Item	Classification	Parameter
	Rated Capacity	21 MW (3 MW × 7)
Wind Power System	Normal Operation Capacity	20 MW
	PCC-1 Transformer	0.69/22.9 kV
	Bus Voltage	3-Phase 22.9 kV
AC Grid	Bus Frequency	60 Hz
Circuit Constant	Line Inductance	Sending: 0.15 p.u/Receiving: 0.15 p.u
	Converter Transformer Ratio	22.9/11.75 kV
	Control	MMC Type (11-Level)
	DC Voltage	20 kV
MVDC	System Capacity	20 MVA
Constant	Switching Frequency	1980 Hz
	Converter Control	$P_{ref}$/$Q_{ref}$
	Inverter Control	$V_{DC}$/$V_{AC}$
	Location	Transformer Primary AC Grid Side
Fault Scenario	Type	a-Phase Grounding Fault
	Fault Time	Start: 2.0 s; Removal: 2.1 s

represents the MVDC parameters for the offshore wind farm. This paper applied these parameters to PSCAD/EMTDC.

5. Conclusions

When a grid fault occurs, the wind generators and the MVDC are tripped to protect the devices. In this situation, as the capacity of the wind generators increases, the tripping of the wind generators and the grid results in the collapse of the system. To solve these problems, the wind generators and the MVDC should contribute to the grid fault recovery by LVRT. As a result, the MVDC has the problem that the DC voltage rises due to the unbalanced power of the input and output. The CR effectively suppresses the DC voltage rise better than other methods. However, the conventional CR has only been designed considering the system capacity and rated voltage. Therefore, this paper proposed a CR design by parameter estimation of the CR considering important factors.

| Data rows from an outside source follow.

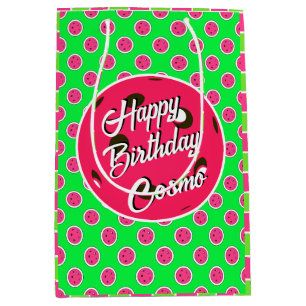 Happy Birthday Pickleball Pink Balls on Green Medium Gift Bag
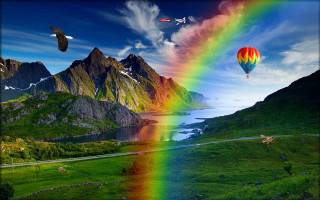 Rainbow mountain lake sky nature - a rainbow free wallpaper
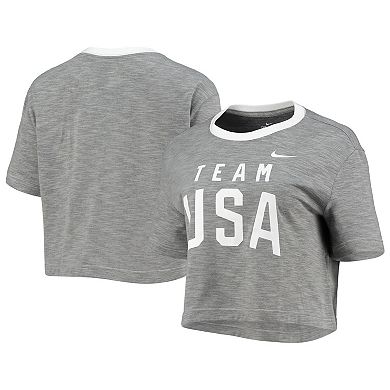 Women's Nike Heathered Gray Team USA Slub Performance Cropped T-Shirt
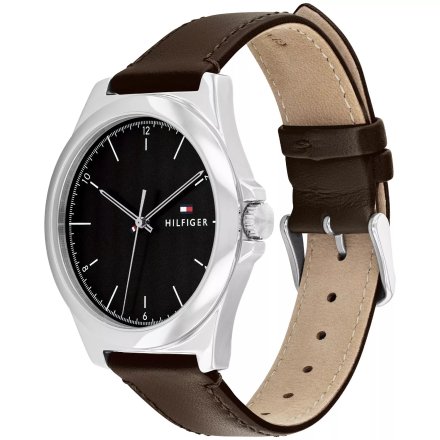 Tommy Hilfiger Norris zegarek męski srebrny z brązowym paskiem 1710601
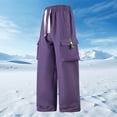 thumbnail image 2 of RYDCOT Men's Elastic Waist Drawstring Pants Casual Fashion Summer Solid Color Pants Purple, 2 of 8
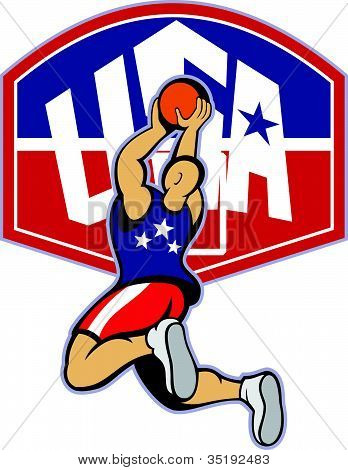 Basketspelare skytte hoppande boll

This paper confirms the following advantages.

• The CR is the most effective at suppressing DC voltage rises compared to other methods.
• When designing the CR, the current flowing in the CR was considered. Therefore, the current peak flowing in the CR has been reduced. Accordingly, the cost of the additional cooling device can be saved.
• When designing the CR, the settling time was considered. Therefore, The settling time has been improved. Accordingly, the stability of the system has been improved.
• The proposed CR parameter estimation was enough to suppress the voltage below the threshold.
• The parameters of CR can be estimated appropriately by weighting factors according to the importance of the factors.

The CR control has been commonly used to suppress the DC voltage rise of the wind generators and to enhance the LVRT capability. The important factors should be considered when applying the CR to the DC transmission system. The reason is that the capacity of the DC transmission system is greater than the wind generators and affects the system stability. The proposed CR design method can be slightly more expensive than conventional methods depending on the situation. However, the proposed method will be applied to many systems because the systems obtain many benefits.